(Image-text web data)
◇ ◇ ◇ ◇ ◇ ◇ ◇

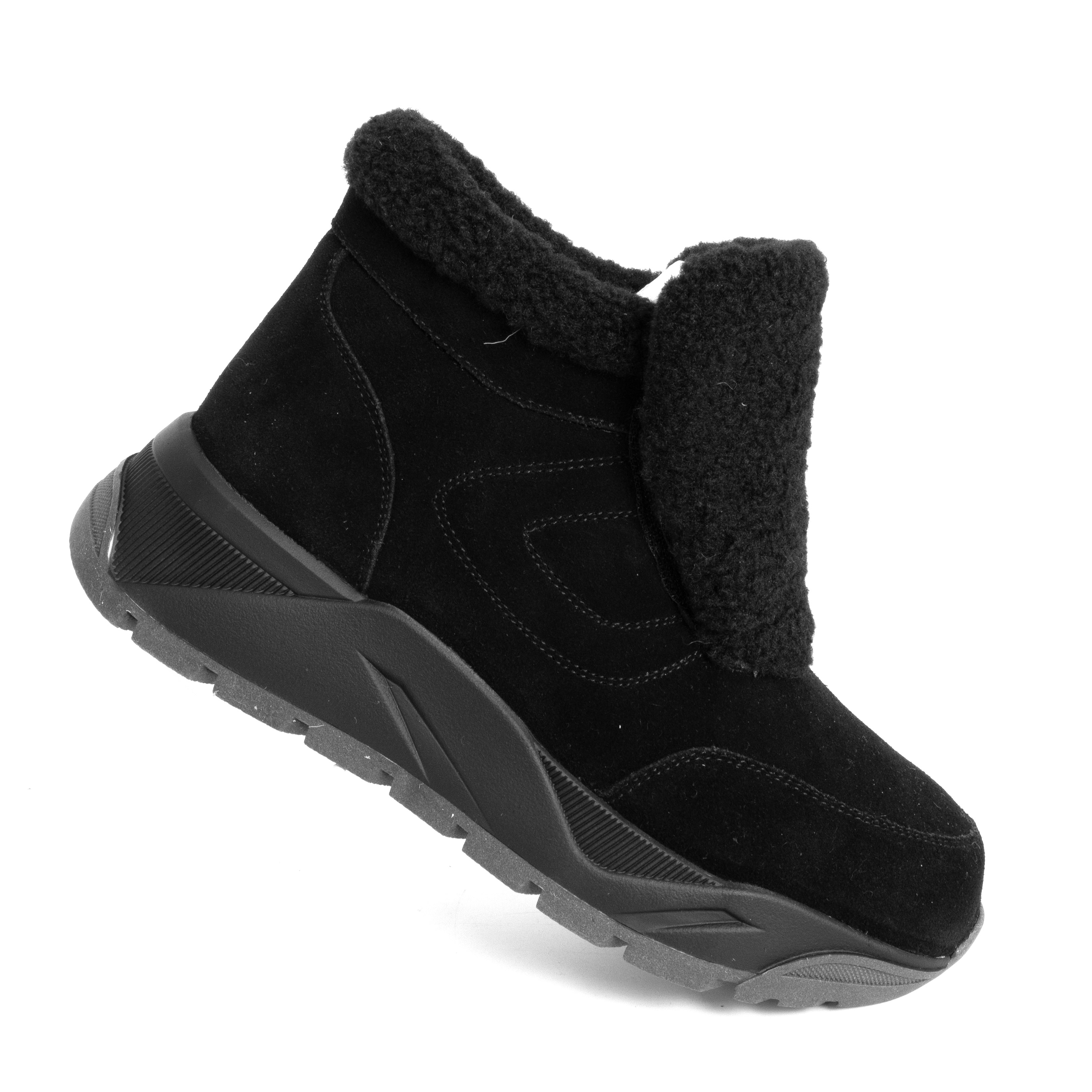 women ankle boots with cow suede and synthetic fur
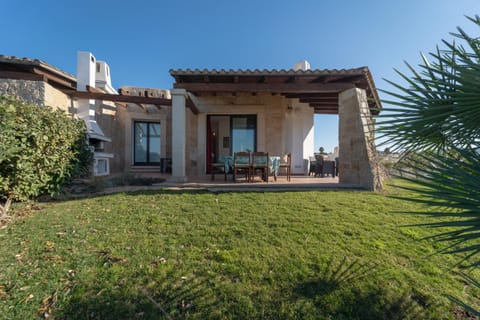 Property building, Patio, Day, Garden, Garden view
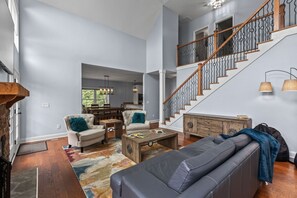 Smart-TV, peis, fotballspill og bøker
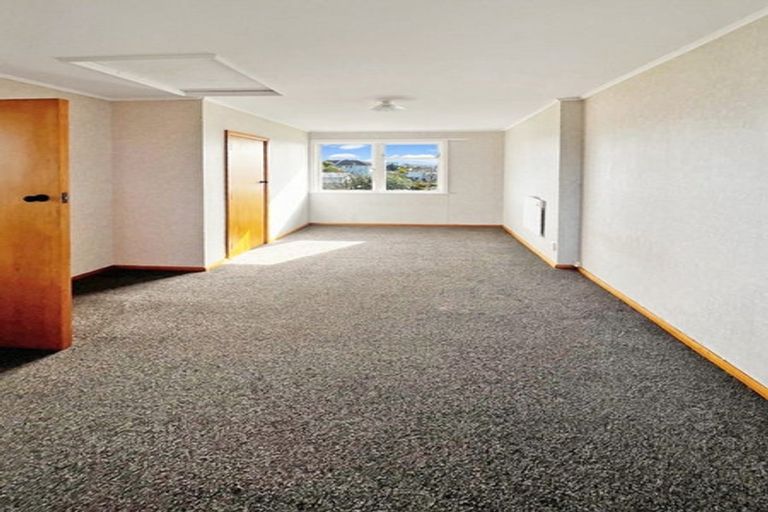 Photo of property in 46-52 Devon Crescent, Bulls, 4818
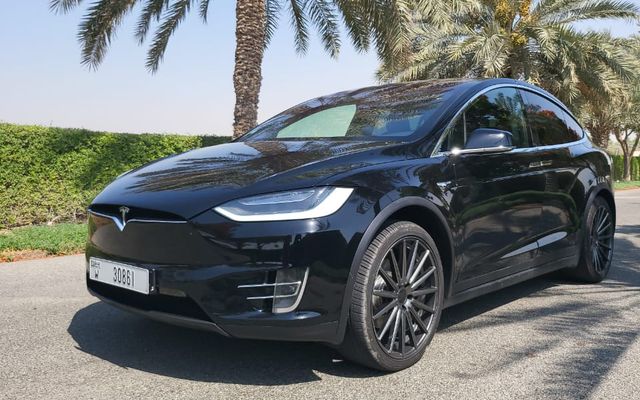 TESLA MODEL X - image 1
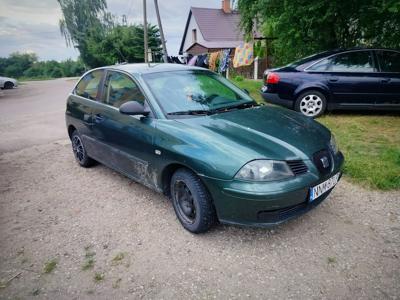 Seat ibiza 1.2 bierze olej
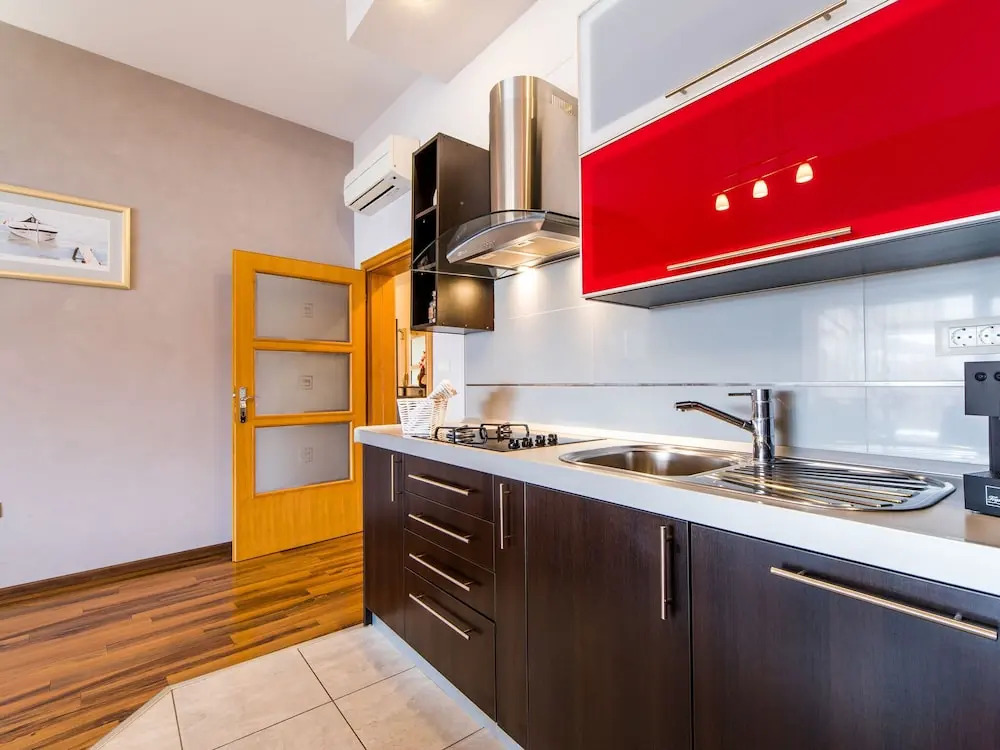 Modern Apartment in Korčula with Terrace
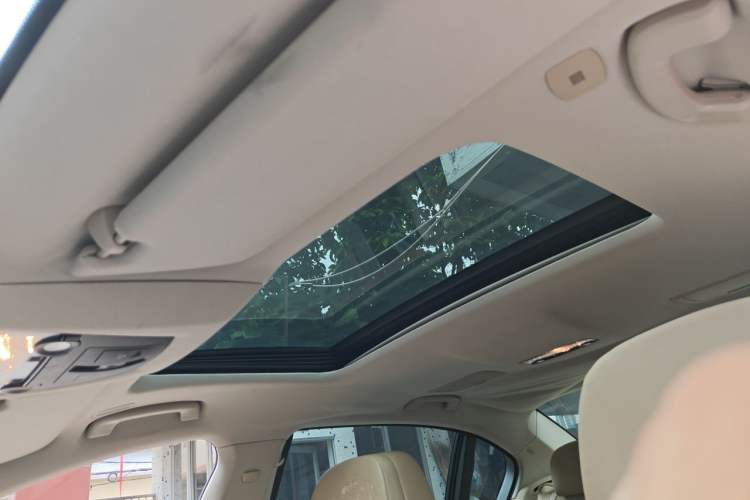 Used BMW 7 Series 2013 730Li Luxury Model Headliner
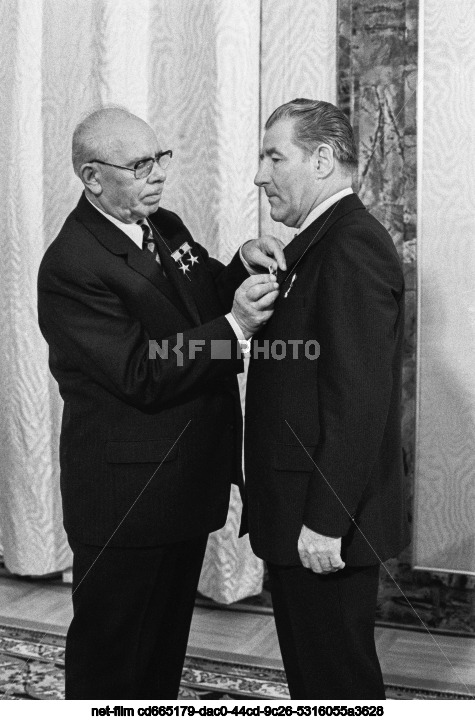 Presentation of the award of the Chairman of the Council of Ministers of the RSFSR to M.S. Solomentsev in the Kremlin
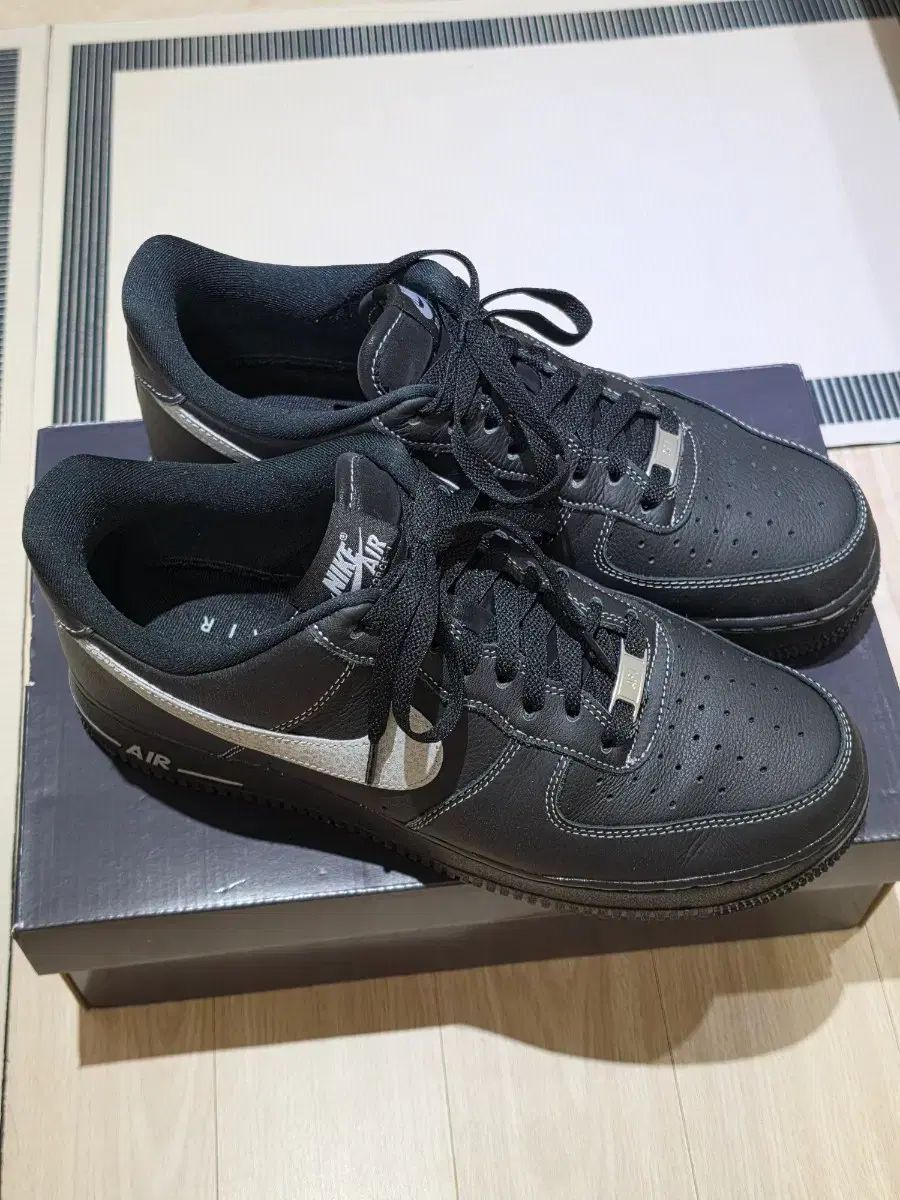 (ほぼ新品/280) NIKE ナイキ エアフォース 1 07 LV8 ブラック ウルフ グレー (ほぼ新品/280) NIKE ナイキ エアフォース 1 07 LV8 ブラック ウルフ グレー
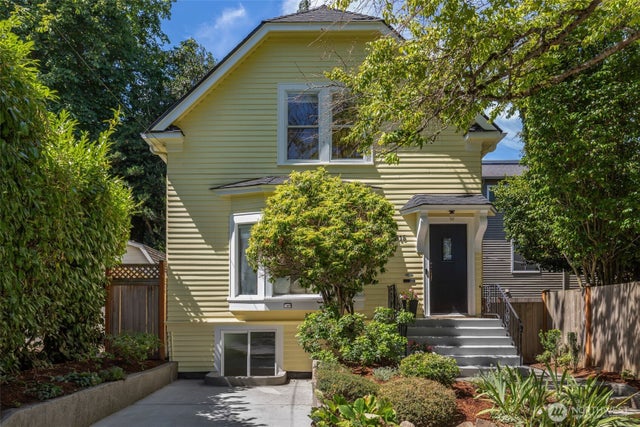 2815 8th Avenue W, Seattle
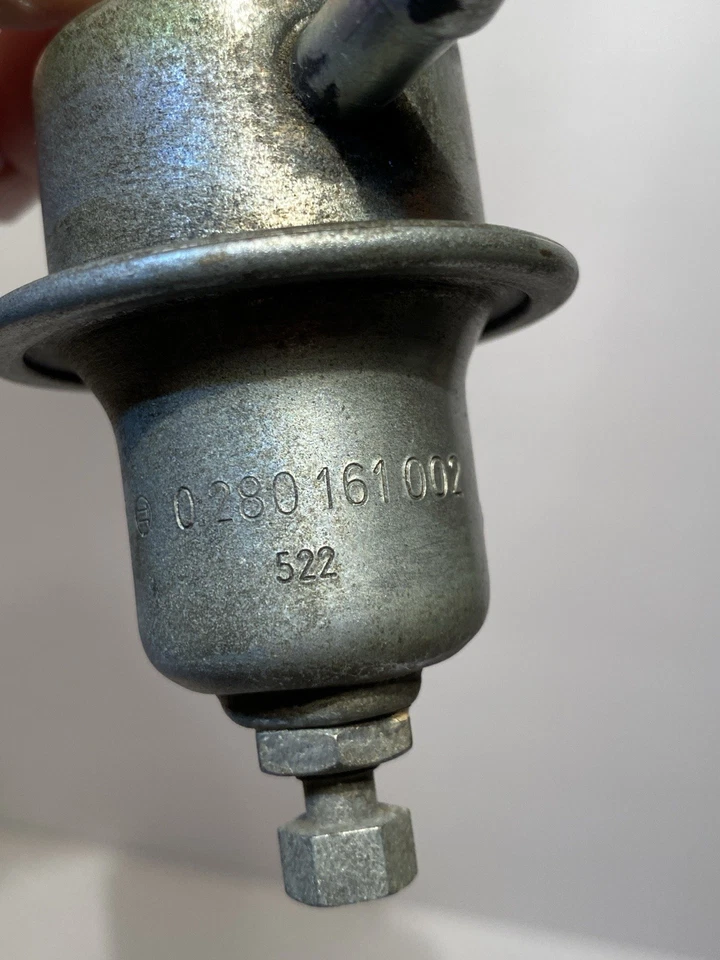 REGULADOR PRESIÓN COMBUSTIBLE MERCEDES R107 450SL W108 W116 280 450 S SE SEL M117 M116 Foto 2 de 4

◇ ◇ ◇ ◇ ◇ ◇ ◇

Although the records contain pictures, only their text should be repeated, exactly as it appears.

 women ankle boots with cow suede and synthetic fur
 Property building, Patio, Day, Garden, Garden view
 Smart-TV, peis, fotballspill og bøker
 Photo of property in 46-52 Devon Crescent, Bulls, 4818
 TESLA MODEL X - image 1
 Seat ibiza 1.2 bierze olej
 Modern Apartment in Korčula with Terrace
 Used BMW 7 Series 2013 730Li Luxury Model Headliner
 Presentation of the award of the Chairman of the Council of Ministers of the RSFSR to M.S. Solomentsev in the Kremlin
 (ほぼ新品/280) NIKE ナイキ エアフォース 1 07 LV8 ブラック ウルフ グレー (ほぼ新品/280) NIKE ナイキ エアフォース 1 07 LV8 ブラック ウルフ グレー
 2815 8th Avenue W, Seattle
 REGULADOR PRESIÓN COMBUSTIBLE MERCEDES R107 450SL W108 W116 280 450 S SE SEL M117 M116 Foto 2 de 4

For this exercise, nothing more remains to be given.